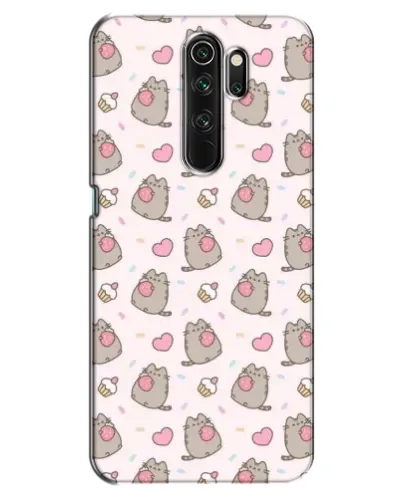 Чехол для OPPO A5 (2020) с картинкой «Пушин и сладости»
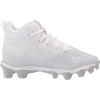imageUnder Armour UnisexChild Spotlight Fran 20 Jr Road Running Shoe100 WhiteMetallic Silver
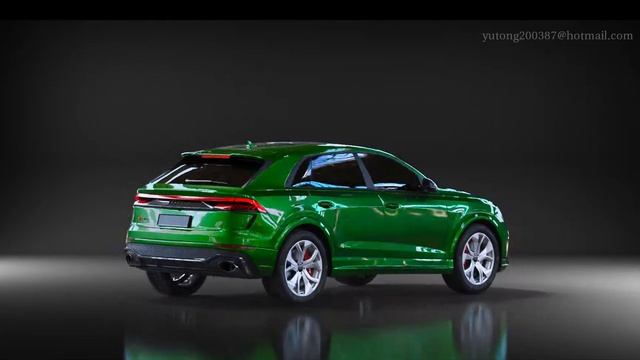 Audi RS Q8 360动画 смотреть онлайн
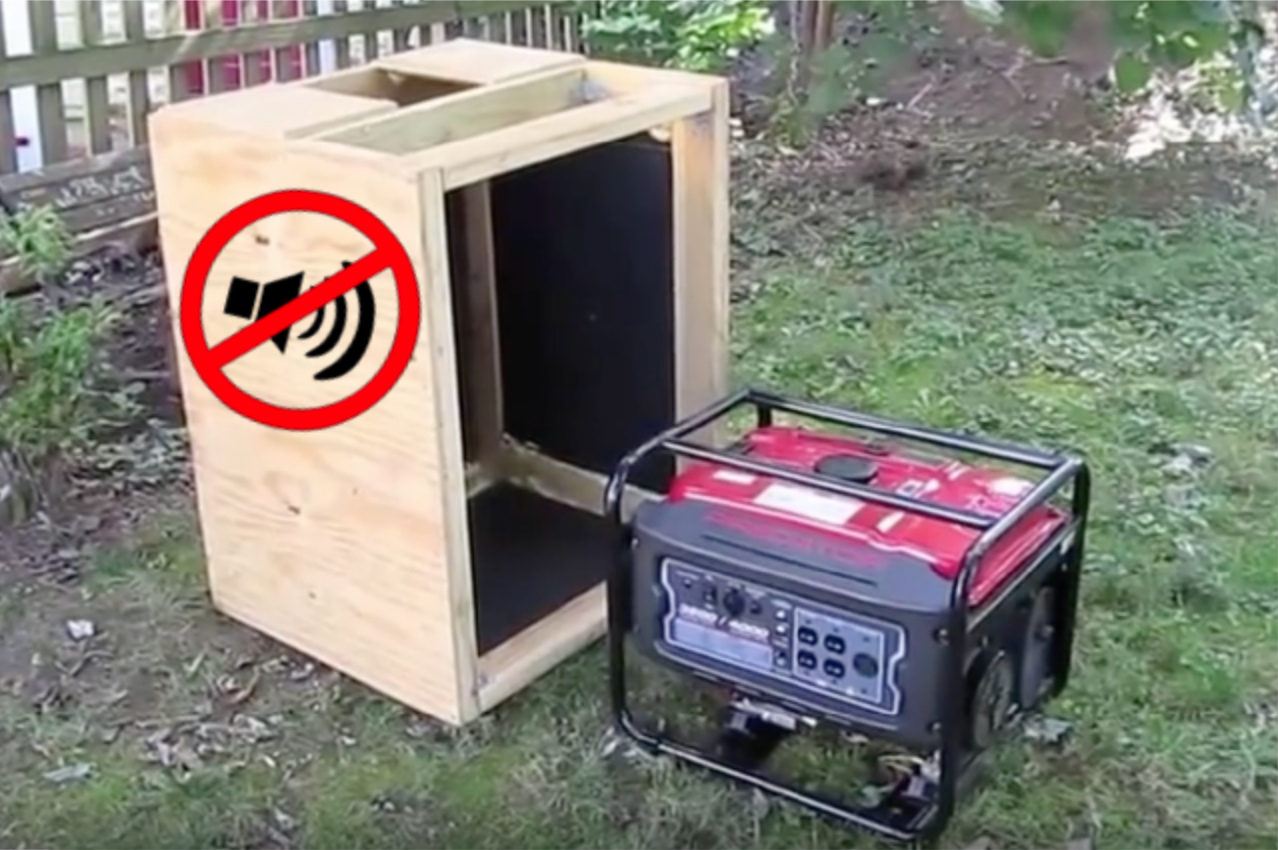 DIY Soundproof Enclosure for a Generator at Home | by Binh Minh Generator |  Medium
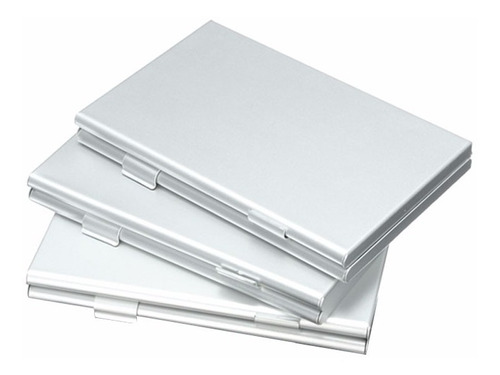 Caja Aluminio Case Para Tarjeta Memoria Compact Flash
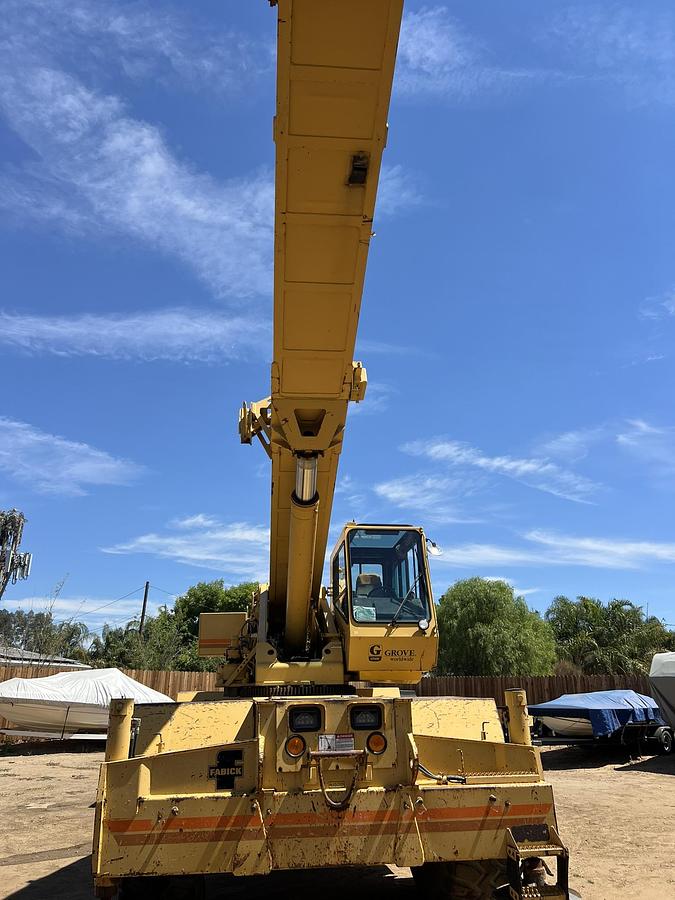 Used 1998 Grove RT635C Terrain Crane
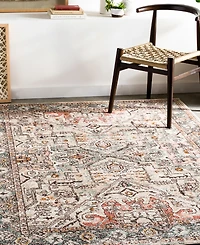 Livabliss Ankara Akr- 6'7" x 9' Area Rug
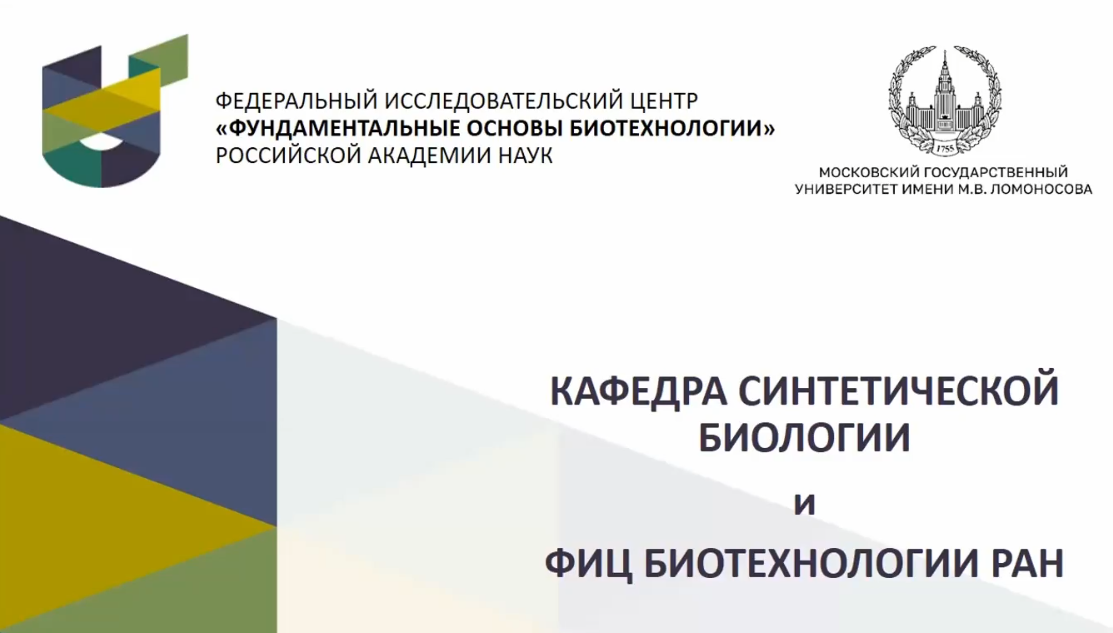 На кафедре состоялся семинар по технологиям геномного редактирования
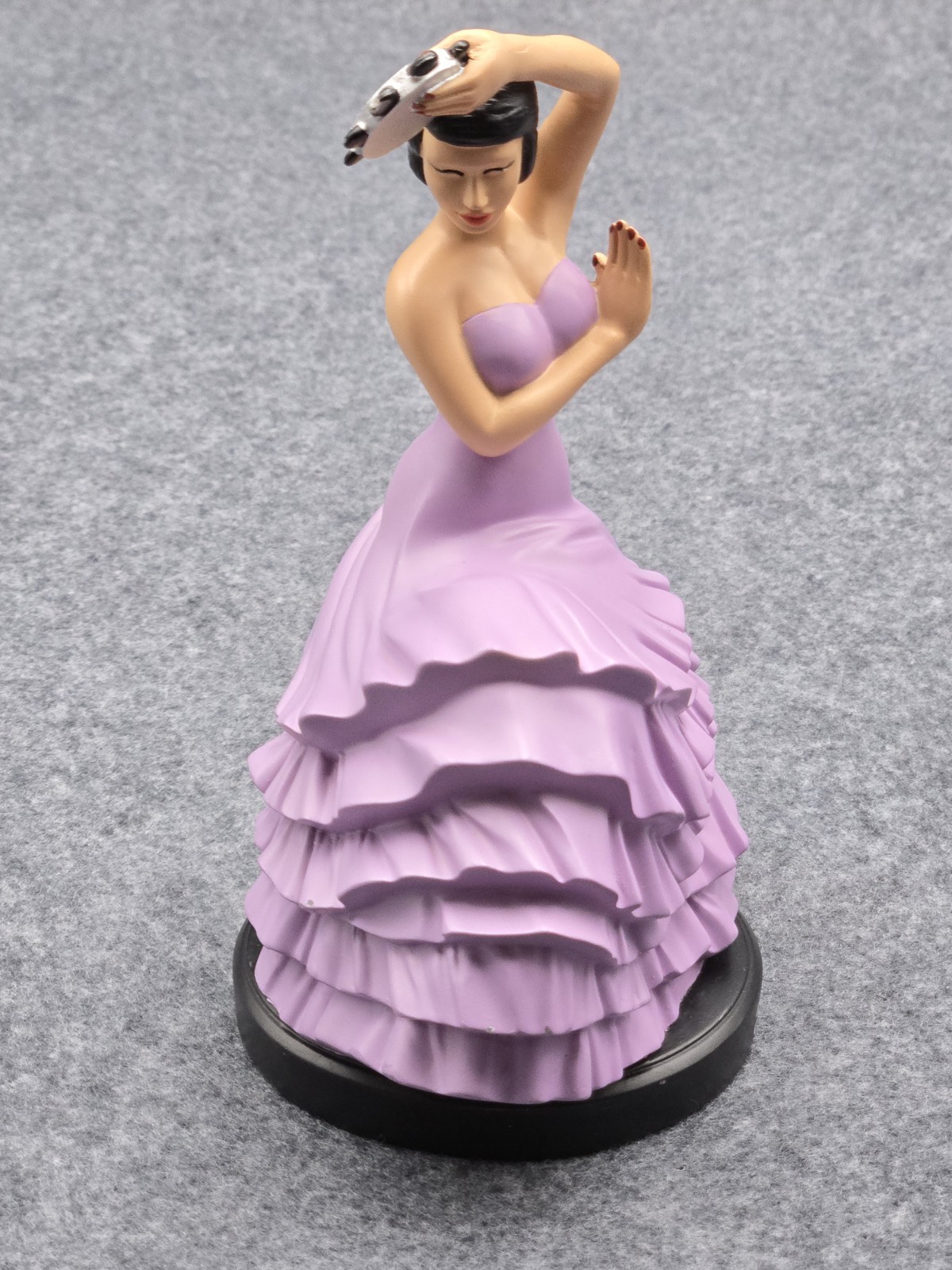 Fiesta Fiestaware Dancing Lady Figure Lilac 2010 6″ – DAMAGED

* **TASK OBJECTIVE**
Working from the line with "imageUnder Armour UnisexChild" to the last line of the material above, repeat each line exactly and leave out the pictures.

* **ANSWER TO THE EXERCISE**
imageUnder Armour UnisexChild Spotlight Fran 20 Jr Road Running Shoe100 WhiteMetallic Silver
 Audi RS Q8 360动画 смотреть онлайн
 DIY Soundproof Enclosure for a Generator at Home | by Binh Minh Generator |  Medium
 Caja Aluminio Case Para Tarjeta Memoria Compact Flash
 Used 1998 Grove RT635C Terrain Crane
 Livabliss Ankara Akr- 6'7" x 9' Area Rug
 На кафедре состоялся семинар по технологиям геномного редактирования
 Fiesta Fiestaware Dancing Lady Figure Lilac 2010 6″ – DAMAGED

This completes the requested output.